2016’daki darbe girişiminden sonra demokrasi askıda. Tüm eylem ve etkinlikler yasaklanmış durumda. Buna en güçlü tepkiyi veren kadın hareketi ve emek hareketi. Direnişin olmadığı ay neredeyse yok. En fazla direnişe çıkan da inşaat işçileri. Çıktığımız direnişlerin de yüzde 90’ını kazanımla sonuçlandırıyoruz. Ülkenin işçi sınıfını incelediğimizde, işçilerin büyük çoğunluğu sendikasız, örgütsüz ve güvencesiz çalışıyor. Güvencesiz olan yerlerde normalde direnişin zor olacağı söylenir, ama 14 Eylül direnişiyle birlikte bunun tersine döndüğünü söyleyebiliriz. Yani güvenceli iş yerlerinde işini kaybetme korkusuyla tepki koymak daha zorken, güvencesiz iş kollarında bu durumun tersine döndüğünü görüyoruz. Zaten işçinin koşulları kötü, yeterli örgütlülük ve yan yana geliş sağlanırsa bir eylem ve direniş ortaya konabiliyor. 14 Eylül direnişinden çıkarılacak derslerden biri de belki budur. Koşullar oluştuğunda işçi kendi kendine bile bu refleksi verebiliyor. Eskisi gibi zor değil, deneyimler birbirine artık daha hızlı ulaşıyor. Sosyal medya üzerinden nerede ne olduğunu biliyor işçi artık. İşçi direnişe geçip hakkını almışsa bir diğer işçi de kendi iş yerinde direnişe geçerek hakkını aramaya başlıyor.
Sendikalar 14 Eylül direnişinden nasıl bir ders çıkarmalı?

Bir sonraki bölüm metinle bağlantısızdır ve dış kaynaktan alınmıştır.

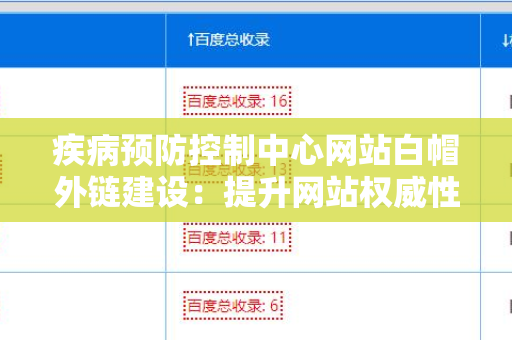 疾病预防控制中心网站白帽外链建设：提升网站权威性的有效策略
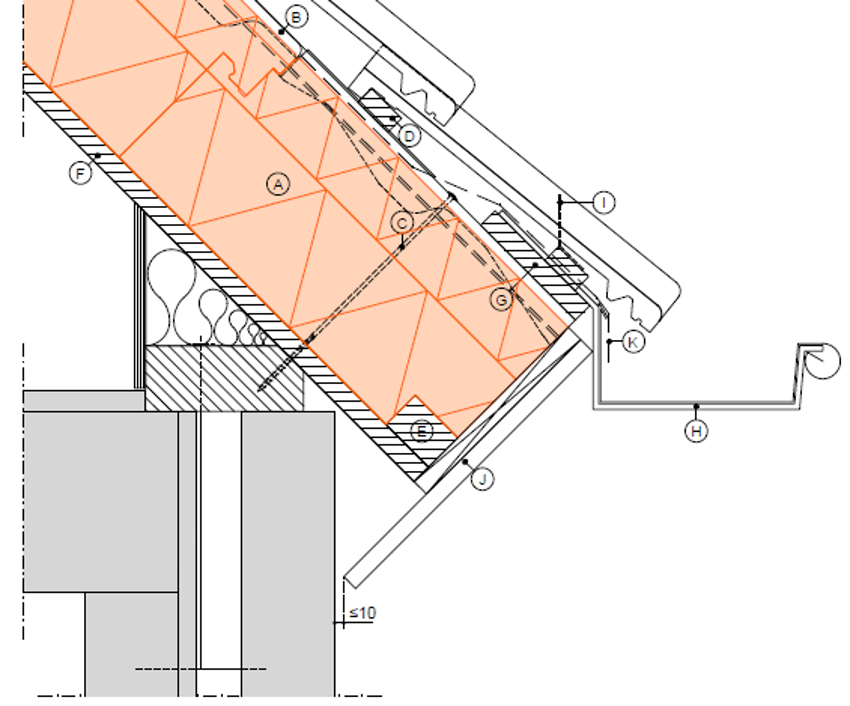 Illustratie van de principedetails van SlimFix RenoPro na-isolatie
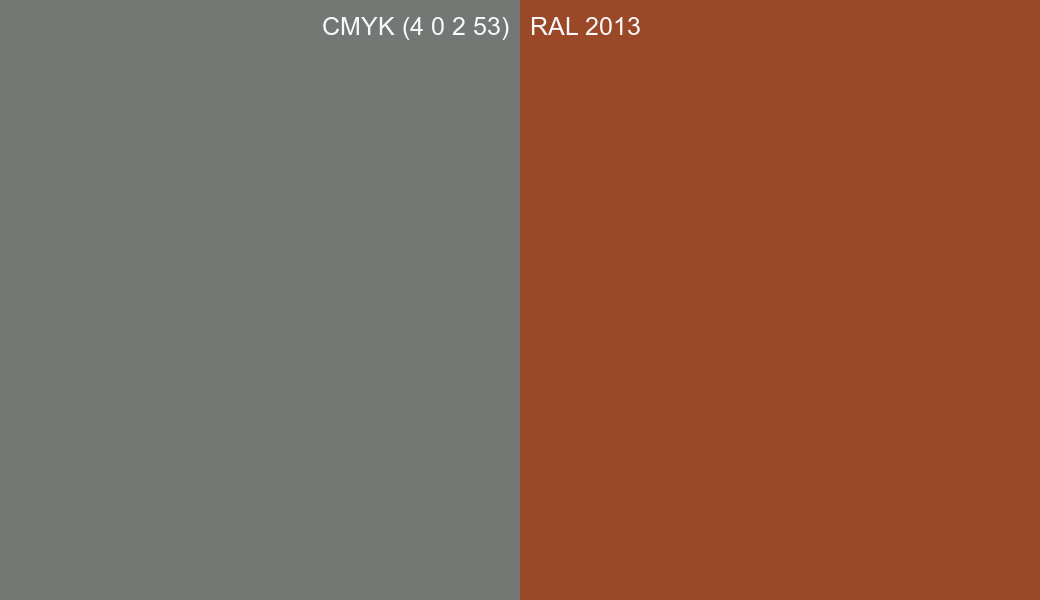 CMYK Color CMYK (4 0 2 53) vs RAL 2013 side by side comparison CMYK Color CMYK (4 0 2 53) vs RAL 2013 side by side comparison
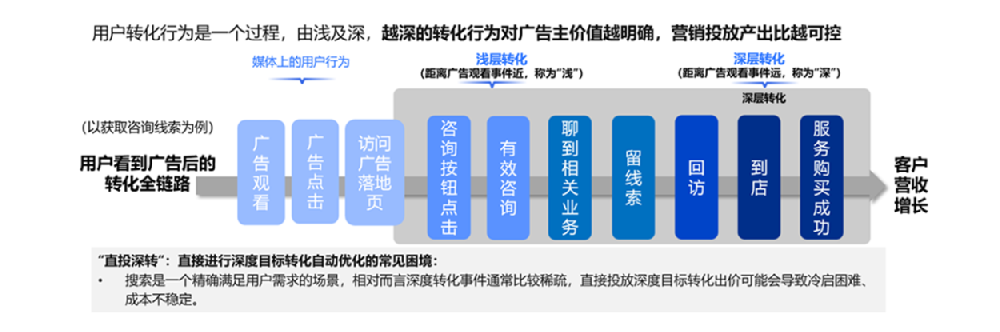 出价策略与推广计划转化目标设置规则升级——百度广告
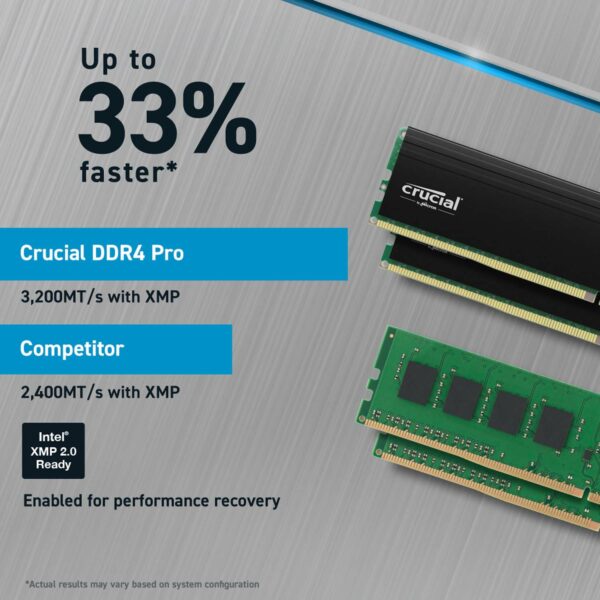 Crucial Pro 32GB Kit (2x16GB) DDR4-3200 UDIMM - Imagen 7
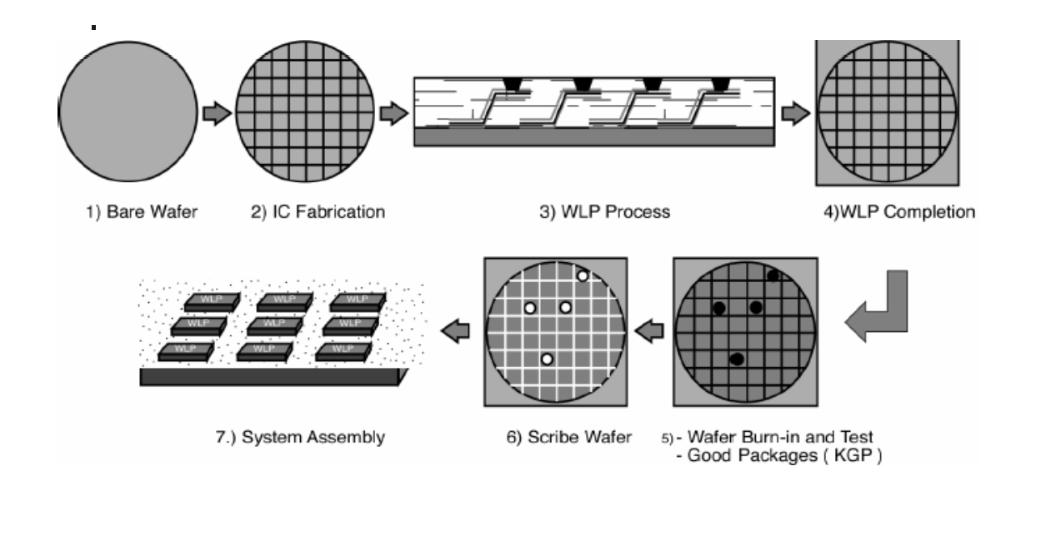 未來封裝技術(shù)的幾大趨勢展望與先進(jìn)封裝清洗技術(shù)介紹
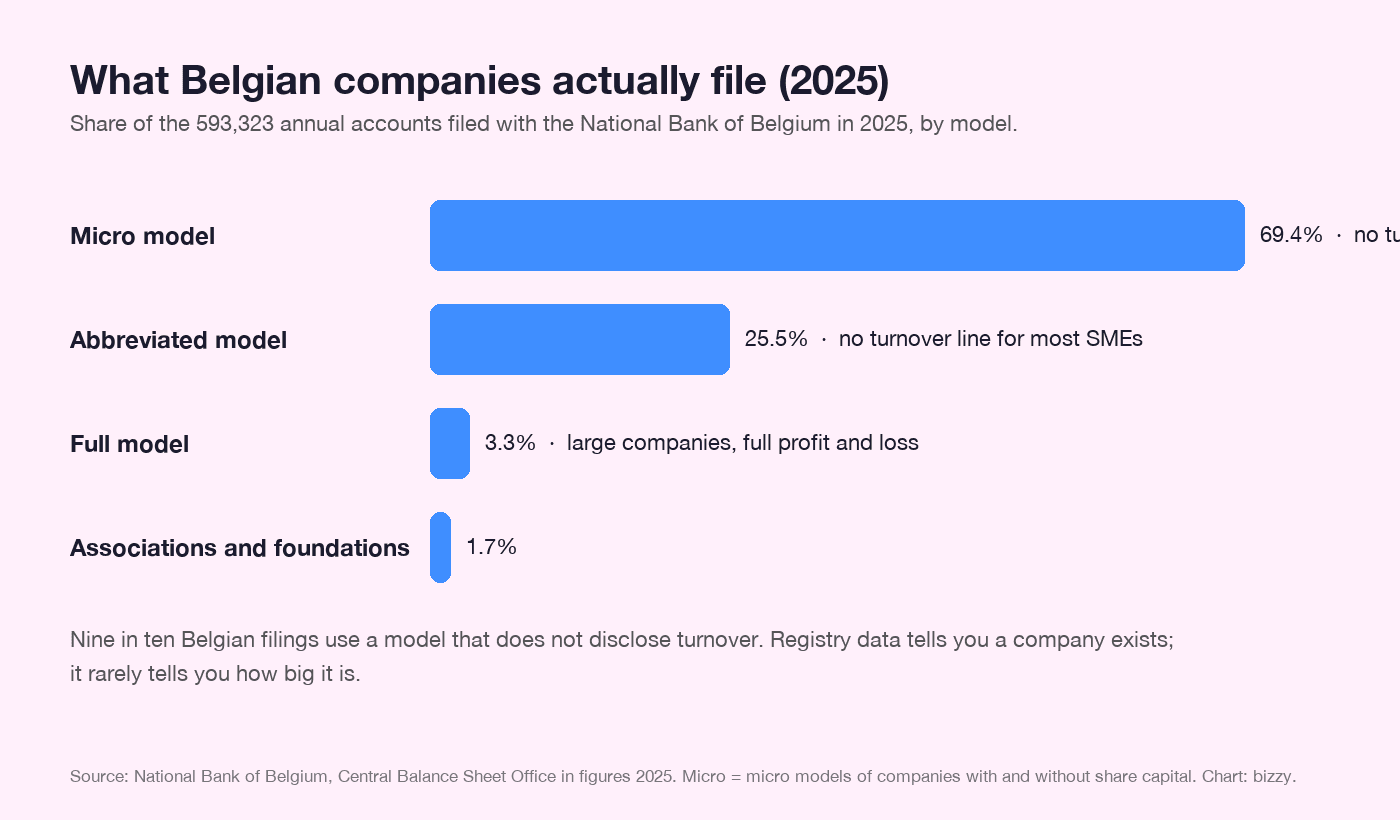Bar chart: 69.4% of Belgian annual accounts filed in 2025 used the micro model, 25.5% the abbreviated model, 3.3% the full model, 1.7% associations and foundations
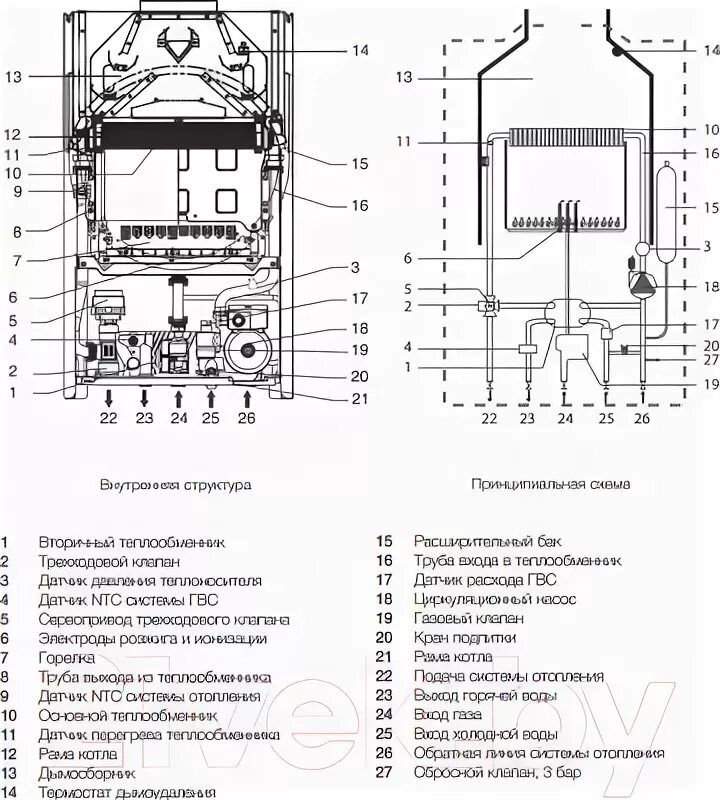 Подключение котла электролюкс Electrolux GCB 24 Basic Space Duo i Газовый котел купить в Минске, Гомеле, Витеб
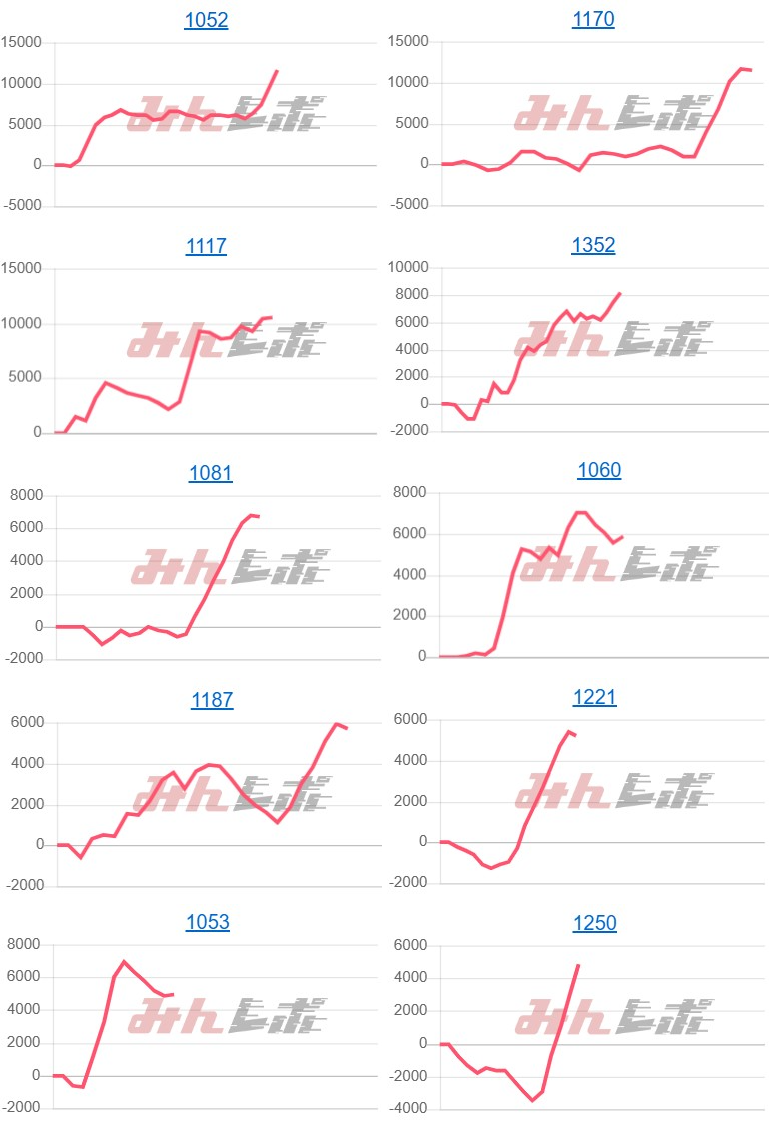 出玉スランプグラフ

Birçok şeye sonradan müdahil oluyoruz. Biz sendikalar ne kadar istersek isteyelim 14 Eylül gibi bir direnişi hayata geçiremezdik. İşçi kendi koşullarından yola çıkarak bunu gerçekleştirdi, biz de gidip o direnişi bir tık ileriye taşıdık. Bugün tartışabiliyoruz, çünkü içinde yer almışız. Önümüzdeki yıllar için söylüyorum: güvencesiz iş kollarında bir arayış ve öfke var, bu öfkeyi örgütlememiz gerekir. Böyle bir anda saman alevi gibi yanıp sönen eylemliliklerle değil, birbirinin üzerine konarak ilerleyen bir örgütlülüğün yaratılması, mekanizmaların oluşturulması lâzım. Bunun için uğraşıyoruz, hayata da geçireceğiz. 2018 yılında ağırlıklı olarak İstanbul’da çalışmamız vardı, bugün neredeyse memleketin bütün mega projelerinde sendikamızın üyeleri var, buralarda çalışma koşullarının düzeltilmesine dair çalışmalarımız var. Hepsi 14 Eylül’ün bize bıraktığı miras. Bu mirası gelecek kuşaklara taşımak boynumuzun borcu.